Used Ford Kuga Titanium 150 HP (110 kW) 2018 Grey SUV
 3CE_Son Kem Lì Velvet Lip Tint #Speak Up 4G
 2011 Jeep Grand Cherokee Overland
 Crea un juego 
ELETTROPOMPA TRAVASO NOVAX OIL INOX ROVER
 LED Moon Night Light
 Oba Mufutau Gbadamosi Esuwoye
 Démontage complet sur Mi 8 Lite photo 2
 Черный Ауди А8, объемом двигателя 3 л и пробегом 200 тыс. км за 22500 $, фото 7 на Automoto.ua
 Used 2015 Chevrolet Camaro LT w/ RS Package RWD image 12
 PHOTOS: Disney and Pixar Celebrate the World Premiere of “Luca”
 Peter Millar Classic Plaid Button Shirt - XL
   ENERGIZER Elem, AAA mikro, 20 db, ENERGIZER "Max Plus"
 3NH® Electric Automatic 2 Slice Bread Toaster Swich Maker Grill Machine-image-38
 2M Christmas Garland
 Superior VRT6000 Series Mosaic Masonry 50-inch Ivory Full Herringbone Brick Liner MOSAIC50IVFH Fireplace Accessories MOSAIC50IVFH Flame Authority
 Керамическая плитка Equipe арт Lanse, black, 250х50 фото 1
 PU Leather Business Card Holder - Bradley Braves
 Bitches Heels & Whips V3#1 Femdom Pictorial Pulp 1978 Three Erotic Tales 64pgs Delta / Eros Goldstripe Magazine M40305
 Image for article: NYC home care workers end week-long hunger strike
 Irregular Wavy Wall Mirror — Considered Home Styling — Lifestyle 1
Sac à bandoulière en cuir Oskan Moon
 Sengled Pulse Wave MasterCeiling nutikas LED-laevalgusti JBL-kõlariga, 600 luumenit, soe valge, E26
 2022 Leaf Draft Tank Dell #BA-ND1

+---+

Lines from the top of the data above through the line containing "Sengled Pulse Wave" must be repeated exactly. All other lines stay out.

▶ Answer space:
Used Ford Kuga Titanium 150 HP (110 kW) 2018 Grey SUV
 3CE_Son Kem Lì Velvet Lip Tint #Speak Up 4G
 2011 Jeep Grand Cherokee Overland
 Crea un juego 
ELETTROPOMPA TRAVASO NOVAX OIL INOX ROVER
 LED Moon Night Light
 Oba Mufutau Gbadamosi Esuwoye
 Démontage complet sur Mi 8 Lite photo 2
 Черный Ауди А8, объемом двигателя 3 л и пробегом 200 тыс. км за 22500 $, фото 7 на Automoto.ua
 Used 2015 Chevrolet Camaro LT w/ RS Package RWD image 12
 PHOTOS: Disney and Pixar Celebrate the World Premiere of “Luca”
 Peter Millar Classic Plaid Button Shirt - XL
   ENERGIZER Elem, AAA mikro, 20 db, ENERGIZER "Max Plus"
 3NH® Electric Automatic 2 Slice Bread Toaster Swich Maker Grill Machine-image-38
 2M Christmas Garland
 Superior VRT6000 Series Mosaic Masonry 50-inch Ivory Full Herringbone Brick Liner MOSAIC50IVFH Fireplace Accessories MOSAIC50IVFH Flame Authority
 Керамическая плитка Equipe арт Lanse, black, 250х50 фото 1
 PU Leather Business Card Holder - Bradley Braves
 Bitches Heels & Whips V3#1 Femdom Pictorial Pulp 1978 Three Erotic Tales 64pgs Delta / Eros Goldstripe Magazine M40305
 Image for article: NYC home care workers end week-long hunger strike
 Irregular Wavy Wall Mirror — Considered Home Styling — Lifestyle 1
Sac à bandoulière en cuir Oskan Moon
 Sengled Pulse Wave MasterCeiling nutikas LED-laevalgusti JBL-kõlariga, 600 luumenit, soe valge, E26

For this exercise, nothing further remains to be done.